Der Zuschauer indes, von der atemberaubenden Spannung der Handlung in seinen
Kinosessel gepresst, kommt gar nicht erst zum Nachdenken. Er leidet
mit Rachel/Ellis und fühlt später mit der verliebt-desillusionierten
Ellis/Rachel, obwohl er sie nach einer Atempause wohl lieber in
den Hintern getreten hätte – aber wer hätte in den unruhigen, bewegten
Zeiten damals noch Zeit zum Atmen gefunden? Insbesondere, wo das
eigene Leben permanent bedroht war?
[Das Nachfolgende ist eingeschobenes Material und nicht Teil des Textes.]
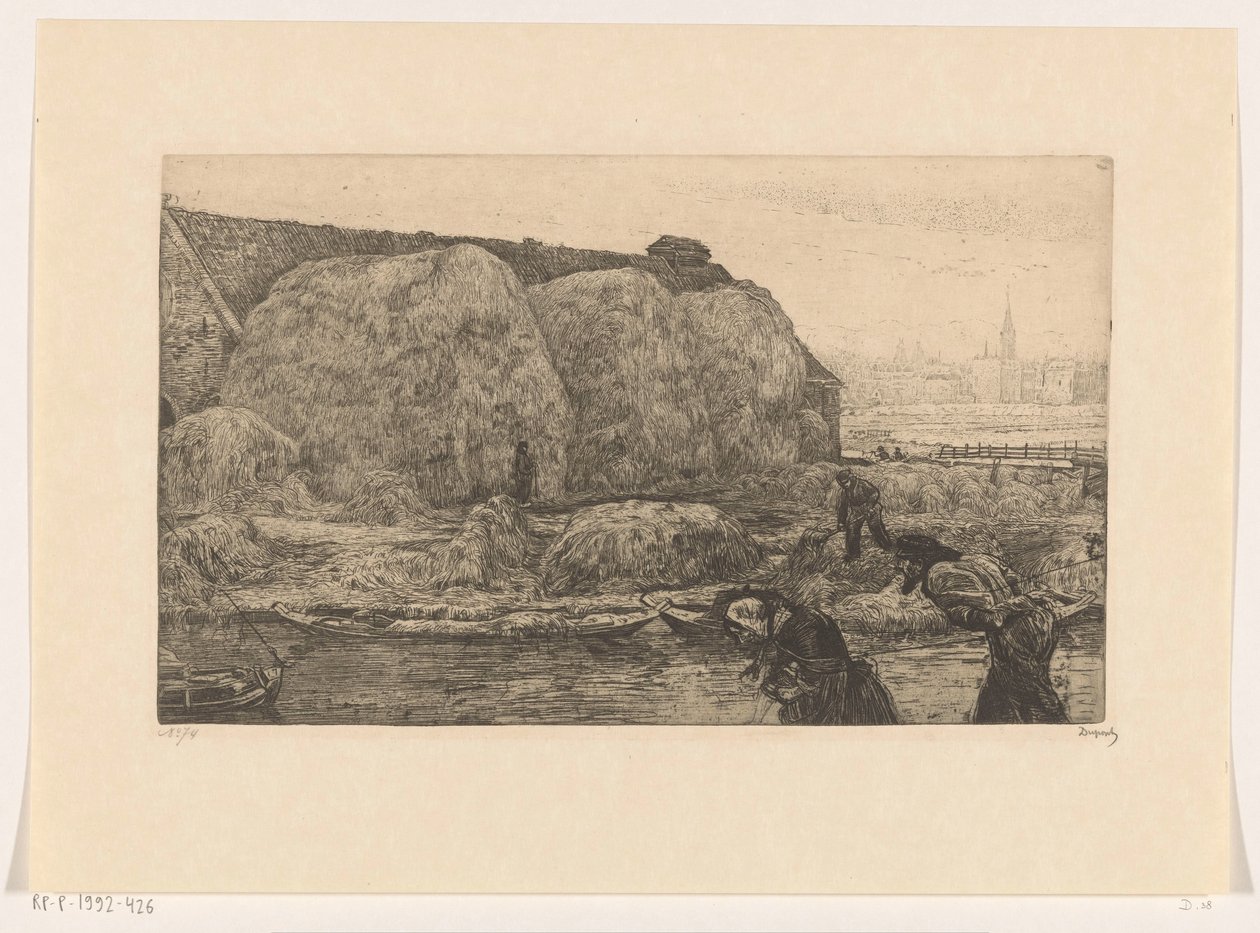 Ferme avec meules de foin sur le Jaagpad à Amsterdam - Pieter Dupont (signed by artist)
Wo jede Aktion zu sofortiger
Enttarnung und zum Todesurteil führen konnte? Die geradezu grauenhafte
Anspannung des Films speist sich aus seiner ungeschminkten Nähe
zur damaligen Wirklichkeit seiner Hauptpersonen.
Zum Urteilen über die Handlungen der Akteure kommt man beim Anschauen des Filmes erstmal
nicht. Ellis’ beste Freundin während ihres Einsatzes für die deutschen
Besatzer wird das niederländische Soldatenliebchen ( als "Fickhäschen"
wird ihre Position dort von einer schweizerischen Filmkritik bezeichnet)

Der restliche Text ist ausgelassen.